Of course, there's one plot goof -- didn't our scientist survive the first with -1 from competition shots, and wasn't the dwarf at that same number? Shouldn't he have survived the flames, too? And did the scientist survive the house collapsing? Needs a part 2!
Hmm... The story itself is quite a mess, but the "Tonio" character and the clever use of the furnace made me think about one of my favourite movies from the 70's, "The Boss" directed by Fernando di Leo starring the ever-lovable Henry Silva...
For me the real value of this story is the inventive use of flames and fire in the drawing and colour.

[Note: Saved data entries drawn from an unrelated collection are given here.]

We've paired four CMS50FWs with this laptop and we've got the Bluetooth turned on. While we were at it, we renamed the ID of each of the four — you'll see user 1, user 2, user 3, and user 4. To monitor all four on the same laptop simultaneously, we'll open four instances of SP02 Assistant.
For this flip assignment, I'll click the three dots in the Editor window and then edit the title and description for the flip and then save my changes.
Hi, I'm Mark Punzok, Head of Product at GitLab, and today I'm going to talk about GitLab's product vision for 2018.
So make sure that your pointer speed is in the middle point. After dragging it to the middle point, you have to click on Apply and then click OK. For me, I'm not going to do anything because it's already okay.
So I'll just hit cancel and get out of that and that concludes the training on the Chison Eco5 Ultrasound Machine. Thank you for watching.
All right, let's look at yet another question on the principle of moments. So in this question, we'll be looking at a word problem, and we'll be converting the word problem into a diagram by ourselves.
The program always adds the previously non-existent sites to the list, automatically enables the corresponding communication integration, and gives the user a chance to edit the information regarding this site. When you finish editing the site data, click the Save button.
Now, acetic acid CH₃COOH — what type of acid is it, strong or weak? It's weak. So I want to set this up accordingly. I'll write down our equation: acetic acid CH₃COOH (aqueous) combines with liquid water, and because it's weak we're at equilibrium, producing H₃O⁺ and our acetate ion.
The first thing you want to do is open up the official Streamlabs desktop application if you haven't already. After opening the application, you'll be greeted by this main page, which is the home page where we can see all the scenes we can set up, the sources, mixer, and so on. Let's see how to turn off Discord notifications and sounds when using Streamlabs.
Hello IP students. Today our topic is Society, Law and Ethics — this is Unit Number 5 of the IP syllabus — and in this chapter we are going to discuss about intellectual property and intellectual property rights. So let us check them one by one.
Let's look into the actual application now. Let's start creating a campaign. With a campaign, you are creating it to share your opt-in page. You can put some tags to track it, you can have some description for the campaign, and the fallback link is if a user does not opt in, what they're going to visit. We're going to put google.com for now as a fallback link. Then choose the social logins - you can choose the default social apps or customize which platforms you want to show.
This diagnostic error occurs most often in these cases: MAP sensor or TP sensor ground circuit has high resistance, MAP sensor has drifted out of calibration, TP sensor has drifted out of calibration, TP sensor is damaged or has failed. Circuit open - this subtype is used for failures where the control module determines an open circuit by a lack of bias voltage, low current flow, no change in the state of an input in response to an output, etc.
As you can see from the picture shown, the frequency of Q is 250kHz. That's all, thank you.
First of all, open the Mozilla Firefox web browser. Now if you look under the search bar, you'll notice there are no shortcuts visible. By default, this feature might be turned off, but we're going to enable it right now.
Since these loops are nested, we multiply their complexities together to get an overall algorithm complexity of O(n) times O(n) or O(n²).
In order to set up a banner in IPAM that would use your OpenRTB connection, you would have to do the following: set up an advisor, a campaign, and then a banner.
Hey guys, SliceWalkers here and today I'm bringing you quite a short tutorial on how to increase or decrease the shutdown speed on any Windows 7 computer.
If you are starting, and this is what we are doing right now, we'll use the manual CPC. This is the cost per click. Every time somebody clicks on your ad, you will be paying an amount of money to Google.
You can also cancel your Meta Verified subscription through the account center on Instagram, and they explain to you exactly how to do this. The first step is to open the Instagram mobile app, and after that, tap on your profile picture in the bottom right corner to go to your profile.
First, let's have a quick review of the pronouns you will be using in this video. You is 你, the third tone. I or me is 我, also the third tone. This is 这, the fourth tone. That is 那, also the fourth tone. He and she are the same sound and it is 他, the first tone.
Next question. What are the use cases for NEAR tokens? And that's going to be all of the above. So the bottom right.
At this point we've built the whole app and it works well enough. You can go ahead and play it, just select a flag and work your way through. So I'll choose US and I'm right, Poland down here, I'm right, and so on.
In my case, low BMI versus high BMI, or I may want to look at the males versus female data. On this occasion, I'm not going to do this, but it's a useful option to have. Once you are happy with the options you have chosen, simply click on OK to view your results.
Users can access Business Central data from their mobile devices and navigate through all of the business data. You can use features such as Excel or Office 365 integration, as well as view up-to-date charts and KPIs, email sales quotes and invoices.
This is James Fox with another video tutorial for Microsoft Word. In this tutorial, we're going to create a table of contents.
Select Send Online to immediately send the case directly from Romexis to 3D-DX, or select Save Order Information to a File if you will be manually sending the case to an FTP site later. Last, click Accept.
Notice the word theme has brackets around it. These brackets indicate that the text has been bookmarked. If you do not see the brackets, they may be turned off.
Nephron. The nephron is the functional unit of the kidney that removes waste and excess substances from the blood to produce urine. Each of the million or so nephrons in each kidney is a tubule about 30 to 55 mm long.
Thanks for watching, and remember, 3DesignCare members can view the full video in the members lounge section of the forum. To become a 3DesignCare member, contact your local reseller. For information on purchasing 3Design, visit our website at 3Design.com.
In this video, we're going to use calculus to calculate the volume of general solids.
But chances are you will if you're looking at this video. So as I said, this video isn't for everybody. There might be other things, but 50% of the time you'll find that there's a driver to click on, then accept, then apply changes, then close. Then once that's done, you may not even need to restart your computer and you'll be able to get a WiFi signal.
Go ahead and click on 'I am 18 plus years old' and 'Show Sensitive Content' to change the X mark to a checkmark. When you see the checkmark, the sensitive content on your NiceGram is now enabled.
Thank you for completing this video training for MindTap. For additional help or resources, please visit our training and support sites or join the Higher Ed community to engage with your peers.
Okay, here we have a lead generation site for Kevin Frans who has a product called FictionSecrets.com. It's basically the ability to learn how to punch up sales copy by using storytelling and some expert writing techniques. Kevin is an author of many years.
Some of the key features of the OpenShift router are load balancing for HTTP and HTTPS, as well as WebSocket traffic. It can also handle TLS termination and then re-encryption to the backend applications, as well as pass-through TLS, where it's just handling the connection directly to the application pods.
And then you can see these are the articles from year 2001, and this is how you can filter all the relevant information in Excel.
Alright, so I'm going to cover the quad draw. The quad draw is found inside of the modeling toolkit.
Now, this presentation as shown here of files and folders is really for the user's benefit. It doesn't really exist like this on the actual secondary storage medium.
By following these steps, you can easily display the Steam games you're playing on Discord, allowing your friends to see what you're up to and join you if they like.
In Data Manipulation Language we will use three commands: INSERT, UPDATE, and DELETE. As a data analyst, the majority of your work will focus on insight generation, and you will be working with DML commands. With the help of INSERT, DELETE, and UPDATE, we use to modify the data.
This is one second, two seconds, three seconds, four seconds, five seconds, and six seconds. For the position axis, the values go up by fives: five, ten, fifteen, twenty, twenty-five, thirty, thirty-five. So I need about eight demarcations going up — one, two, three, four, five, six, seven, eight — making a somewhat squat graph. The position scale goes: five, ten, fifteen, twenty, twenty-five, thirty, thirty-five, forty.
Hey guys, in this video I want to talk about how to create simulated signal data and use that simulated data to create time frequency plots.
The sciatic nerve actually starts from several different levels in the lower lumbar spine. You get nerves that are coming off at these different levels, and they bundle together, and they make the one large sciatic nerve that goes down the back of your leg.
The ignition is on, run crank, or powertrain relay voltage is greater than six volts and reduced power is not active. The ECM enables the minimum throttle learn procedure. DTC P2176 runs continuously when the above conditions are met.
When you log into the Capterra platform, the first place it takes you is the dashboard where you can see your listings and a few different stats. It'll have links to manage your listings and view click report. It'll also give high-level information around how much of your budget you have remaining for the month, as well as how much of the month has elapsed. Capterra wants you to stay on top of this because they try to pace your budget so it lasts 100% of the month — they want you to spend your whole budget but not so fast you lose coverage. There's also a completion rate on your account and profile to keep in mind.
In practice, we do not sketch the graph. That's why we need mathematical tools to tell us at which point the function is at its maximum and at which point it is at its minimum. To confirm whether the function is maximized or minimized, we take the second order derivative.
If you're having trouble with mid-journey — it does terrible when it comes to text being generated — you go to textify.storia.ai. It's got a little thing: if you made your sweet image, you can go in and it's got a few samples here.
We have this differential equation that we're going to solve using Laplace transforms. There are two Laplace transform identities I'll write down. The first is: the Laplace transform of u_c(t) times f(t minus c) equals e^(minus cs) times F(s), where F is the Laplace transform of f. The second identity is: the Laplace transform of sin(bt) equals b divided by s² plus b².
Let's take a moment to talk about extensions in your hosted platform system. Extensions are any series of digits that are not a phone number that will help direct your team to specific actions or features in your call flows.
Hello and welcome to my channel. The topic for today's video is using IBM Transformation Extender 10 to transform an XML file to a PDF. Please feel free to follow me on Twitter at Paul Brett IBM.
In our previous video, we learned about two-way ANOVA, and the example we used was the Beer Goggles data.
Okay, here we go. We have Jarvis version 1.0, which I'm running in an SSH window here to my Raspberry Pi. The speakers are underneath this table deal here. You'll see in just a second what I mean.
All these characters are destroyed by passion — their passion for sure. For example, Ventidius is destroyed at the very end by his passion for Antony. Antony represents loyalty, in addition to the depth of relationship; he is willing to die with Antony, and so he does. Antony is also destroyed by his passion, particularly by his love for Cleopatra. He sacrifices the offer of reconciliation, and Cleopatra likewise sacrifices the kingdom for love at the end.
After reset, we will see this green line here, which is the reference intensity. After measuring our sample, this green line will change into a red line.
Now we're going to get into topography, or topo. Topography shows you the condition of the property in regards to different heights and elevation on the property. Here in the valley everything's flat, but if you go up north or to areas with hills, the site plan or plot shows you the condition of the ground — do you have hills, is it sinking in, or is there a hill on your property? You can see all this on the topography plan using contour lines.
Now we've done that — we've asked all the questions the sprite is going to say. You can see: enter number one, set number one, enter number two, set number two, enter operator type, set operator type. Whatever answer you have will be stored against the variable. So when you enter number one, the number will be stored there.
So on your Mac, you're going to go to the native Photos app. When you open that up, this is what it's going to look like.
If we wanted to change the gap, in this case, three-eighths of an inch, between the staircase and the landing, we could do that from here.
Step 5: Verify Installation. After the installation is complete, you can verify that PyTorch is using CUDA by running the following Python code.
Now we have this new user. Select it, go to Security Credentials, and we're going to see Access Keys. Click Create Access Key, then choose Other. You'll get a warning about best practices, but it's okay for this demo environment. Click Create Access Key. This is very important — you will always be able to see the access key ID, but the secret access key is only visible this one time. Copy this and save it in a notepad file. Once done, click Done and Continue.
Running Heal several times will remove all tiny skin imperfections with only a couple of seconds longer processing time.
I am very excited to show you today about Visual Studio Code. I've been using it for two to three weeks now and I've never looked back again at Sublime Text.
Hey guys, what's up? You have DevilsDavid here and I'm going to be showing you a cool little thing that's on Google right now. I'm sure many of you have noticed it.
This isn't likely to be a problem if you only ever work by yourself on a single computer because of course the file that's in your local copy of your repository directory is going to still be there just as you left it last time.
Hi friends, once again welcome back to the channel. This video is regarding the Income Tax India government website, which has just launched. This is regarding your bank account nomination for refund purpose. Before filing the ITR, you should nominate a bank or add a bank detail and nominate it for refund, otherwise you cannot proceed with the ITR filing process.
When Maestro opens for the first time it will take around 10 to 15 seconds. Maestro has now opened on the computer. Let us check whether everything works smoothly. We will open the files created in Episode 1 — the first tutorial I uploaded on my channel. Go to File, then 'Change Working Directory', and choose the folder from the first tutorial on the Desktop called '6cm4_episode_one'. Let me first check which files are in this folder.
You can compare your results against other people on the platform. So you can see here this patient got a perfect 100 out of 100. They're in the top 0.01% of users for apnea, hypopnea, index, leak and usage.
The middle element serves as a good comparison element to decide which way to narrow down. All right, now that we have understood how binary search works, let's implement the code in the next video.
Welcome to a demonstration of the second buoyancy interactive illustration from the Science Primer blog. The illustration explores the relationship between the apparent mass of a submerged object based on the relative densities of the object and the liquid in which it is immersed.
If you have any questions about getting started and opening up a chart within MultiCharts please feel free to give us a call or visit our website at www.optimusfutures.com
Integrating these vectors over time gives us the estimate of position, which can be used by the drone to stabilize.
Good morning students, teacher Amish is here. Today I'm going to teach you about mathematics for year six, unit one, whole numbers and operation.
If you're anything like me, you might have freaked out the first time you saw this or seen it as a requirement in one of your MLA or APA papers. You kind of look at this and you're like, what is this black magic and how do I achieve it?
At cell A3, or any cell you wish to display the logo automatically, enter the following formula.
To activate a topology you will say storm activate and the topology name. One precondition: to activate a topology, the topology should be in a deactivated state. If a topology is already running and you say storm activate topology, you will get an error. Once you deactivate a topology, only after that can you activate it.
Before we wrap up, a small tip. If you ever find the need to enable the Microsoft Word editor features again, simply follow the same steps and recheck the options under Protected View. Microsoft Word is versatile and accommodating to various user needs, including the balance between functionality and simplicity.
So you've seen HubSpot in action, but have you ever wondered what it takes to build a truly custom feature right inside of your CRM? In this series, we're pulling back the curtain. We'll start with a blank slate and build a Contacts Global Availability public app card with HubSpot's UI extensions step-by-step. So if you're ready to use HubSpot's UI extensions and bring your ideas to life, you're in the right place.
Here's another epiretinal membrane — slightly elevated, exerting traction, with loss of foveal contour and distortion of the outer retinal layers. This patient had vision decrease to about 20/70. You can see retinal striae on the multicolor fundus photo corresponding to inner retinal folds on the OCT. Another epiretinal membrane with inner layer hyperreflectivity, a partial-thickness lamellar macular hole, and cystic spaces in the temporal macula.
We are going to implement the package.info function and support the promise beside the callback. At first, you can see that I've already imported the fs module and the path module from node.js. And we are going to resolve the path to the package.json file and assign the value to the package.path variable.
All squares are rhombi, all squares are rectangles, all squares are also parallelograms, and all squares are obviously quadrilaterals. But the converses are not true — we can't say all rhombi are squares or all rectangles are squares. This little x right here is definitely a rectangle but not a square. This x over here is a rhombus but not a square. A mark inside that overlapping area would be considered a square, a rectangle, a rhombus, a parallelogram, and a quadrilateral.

Difficult to do with the reproduction methods of the day -- and pulled off pretty well here! Though I admit I don't know why he was suddenly drawn with that giant gorilla body, like Brian says!
Somehow this one more than others immediately makes me think of it as a BW reprint in an Eerie Publishing magazine. Did it ever become one?
Click the GCD issue link in my intro Grant, all the reprint info is right there
I wonder why Barclay was so hell-bent on exacting revenge on his manservant? I take the story to mean that some uncompleted state of deathlessness allows him to exist in the fulcrum between life and cremation--no problem, I'm imaginative enough to handle that--but does this account for his apparently omniscient understanding of his (dwarf?) butler's murderous intent towards him earlier? That's the kind of spooky insight that usually comes after death in stories like this. But without this kind of spectral access to Tonio's inner musings--from back when Barclay was still alive, no less--the servant's subsequent actions seem like any devoted employee's brutally exacted and loyal vengeance. Were I his master, Id have been quite pleased with his good deed.
Thank you for letting me know that. Coincidentally, I just sent for one of those magazine CD-R's of WITCHES TALES, so it should be in that one.